Look below for the line with "MERCEDES-BENZ E 300e" and the line with "Room Wollanton Park". Copy exactly those two lines and every line between, but not the pictures.

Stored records
****
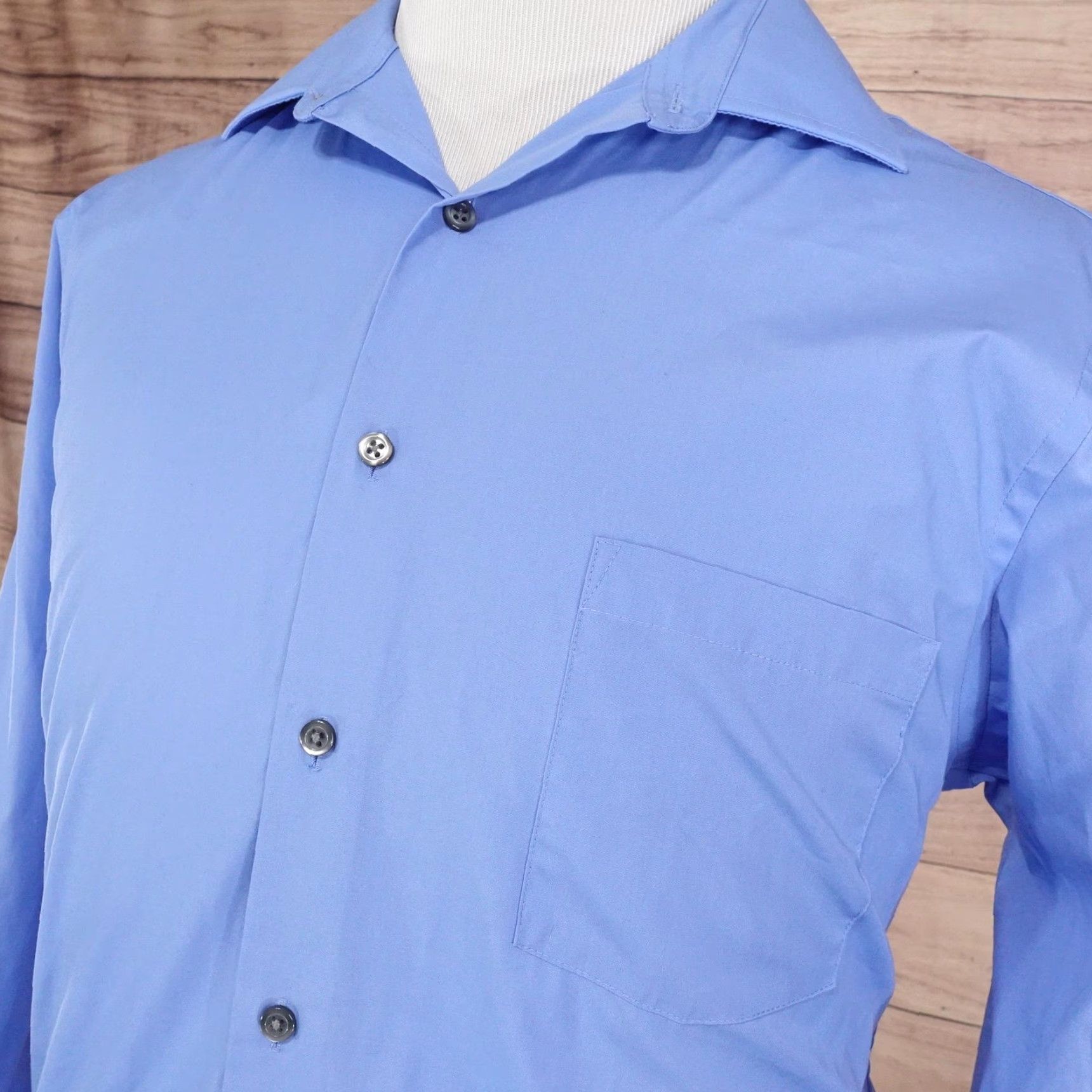 Van Heusen Van Heusen Shirt Mens 16 Blue Dress Shirt Long Sleeve Flex Collar Regular Fit Solid Size 42R - 2 Thumbnail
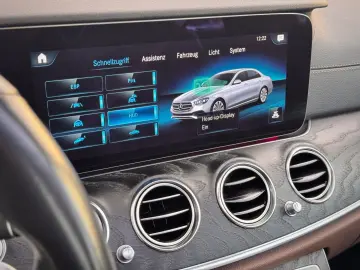 MERCEDES-BENZ E 300e 4Matic Exclusive DESIGNO ASSIST…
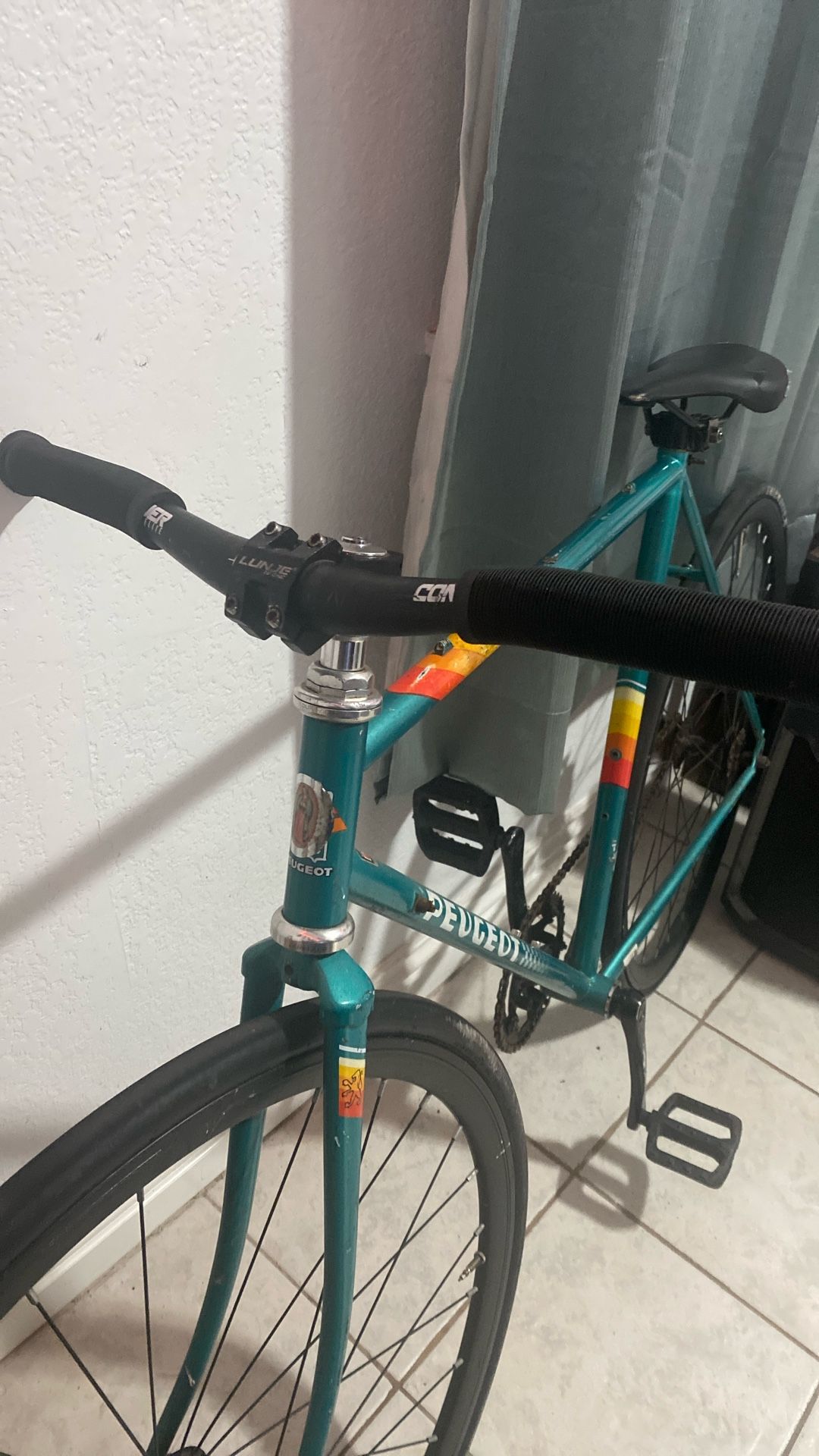 Fixi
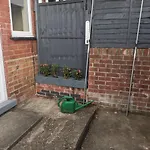 Room Wollanton Park Beeston Near East Midlands Conference Centre Train Station Tram Stop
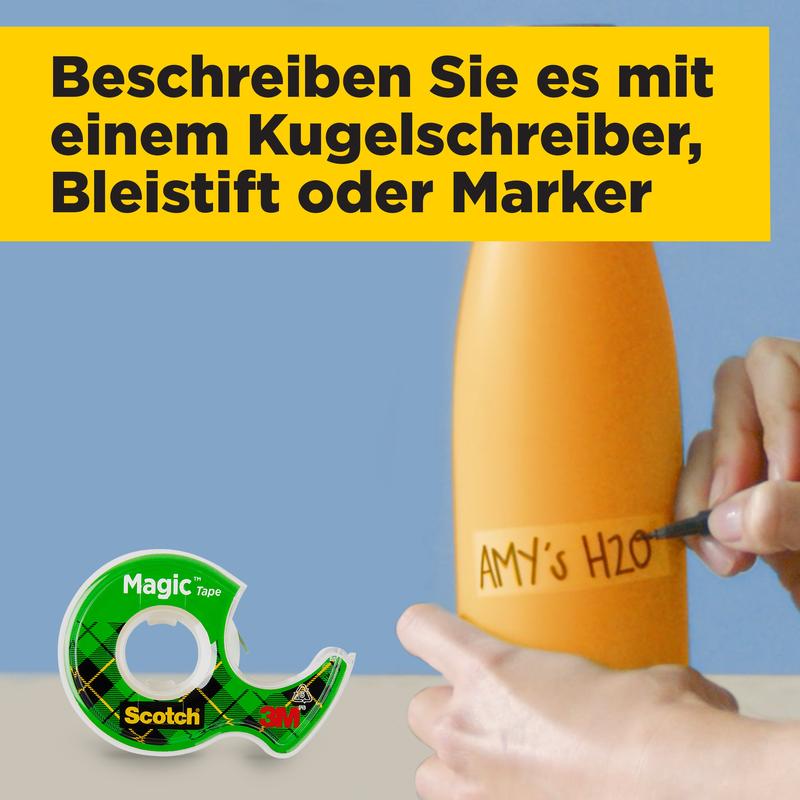 A hand writes "AMY'S H2O" on an orange bottle with a black marker. In the foreground is a roll of Scotch® Magic™ Invisible Tape, refill pack (1 roll, 19 mm x 25 m) from 3M Deutschland GmbH. The text above encourages labeling.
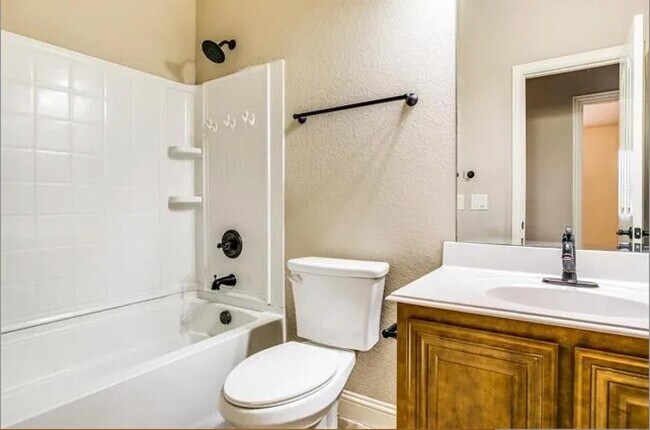 Building Photo - 6625 Thistle Wood Dr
****
=== EXERCISE ANSWER ===
 MERCEDES-BENZ E 300e 4Matic Exclusive DESIGNO ASSIST…
 Fixi
 Room Wollanton Park Beeston Near East Midlands Conference Centre Train Station Tram Stop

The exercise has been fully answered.